Une fois par semaine, les différentes maisons de retraite de la commune de Vinhais, dans la ville, mais aussi dans les villages, Rebordelo, Espinhoso, Vila Boa, Ervedosa, Agrochão et Moimenta, ouvrent leurs portes à la musique.

« Cette activité nous semble importante car comme vous pouvez le voir, c’est un jour de joie pour eux et c’est revivre certaines chansons, certains moments qu’ils ont connus à une autre époque », a souligné le maire, Luís Fernandes.

Le projet a été mis en œuvre il y a environ un mois et restera en vigueur, au moins, jusqu’à la fin de son mandat.

« Nous sommes dans une commune vieillissante et dans un pays vieillissant et nous comprenons que ces mesures sont importantes pour un vieillissement actif, pour proposer des activités différentes, qui les animent, pour que cesse un certain isolement et qu’ils puissent avoir une journée différente. Mais c’est aussi important car la convivialité, l’articulation qui se fait avec eux, avec les institutions et avec les personnes qui travaillent dans ces institutions est fondamentale », a souligné l’édile.

Le psychologue et directeur de la Santa Casa da Misericórdia de Vinhais, José Alves, confirme : la musique est importante pour stimuler cognitivement les personnes âgées. « Je vois beaucoup de résidents qui, en réalité, passent la journée sans participer à la plupart des activités réalisées par la miséricorde, mais ce jour-là c’est une véritable fête pour eux », a-t-il réitéré.

Néanmoins, tout n’est pas facile et les maisons de retraite font face à de grandes difficultés dans le recrutement de ressources humaines, car il est « difficile de trouver des personnes qui veulent travailler dans ce domaine ».
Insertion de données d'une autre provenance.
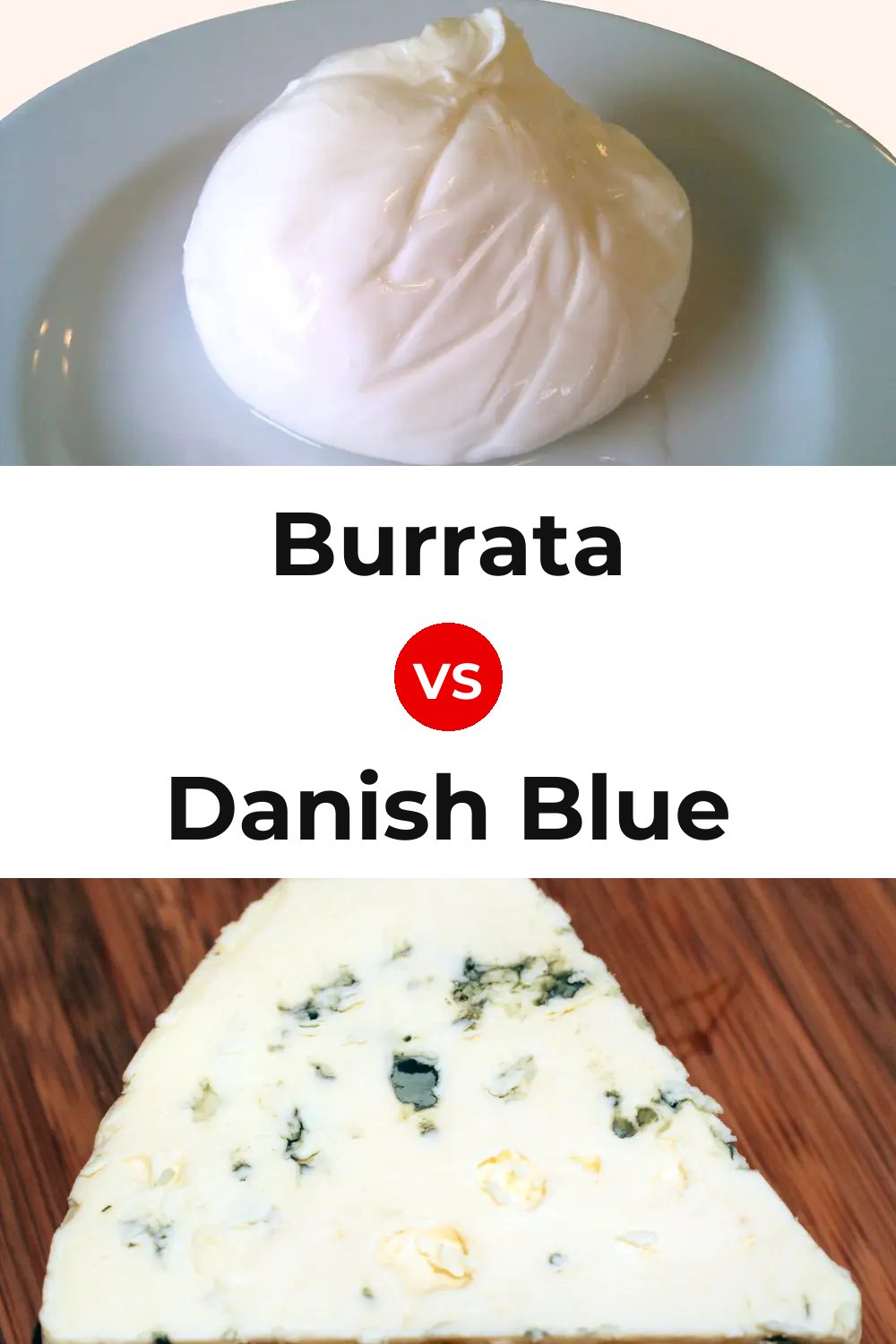 Burrata Cheese vs Danish Blue Cheese Pinterest comparison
« Je pense que les gens recherchent la joie et dans ces maisons, nous travaillons beaucoup avec la perte, avec le départ et autant que nous essayons de les compenser avec notre amitié, avec notre affection, il est souvent visible que nous n’arrivons pas à remplacer la famille », a-t-il dit.

Pourtant, malgré que ce soit « difficile », José Alves assure que cela est « très gratifiant ». « Un câlin d’un résident, la façon dont ils nous chérissent, nous considèrent comme leurs enfants, comme leurs petits-enfants, nous font comprendre qu’en de nombreuses occasions, nous sommes leur famille », a-t-il souligné.

Une heure plus tard, les instruments sont retournés dans la boîte. Le professeur est parti. Maintenant, la mélodie ne remplira à nouveau ces cœurs que lundi prochain.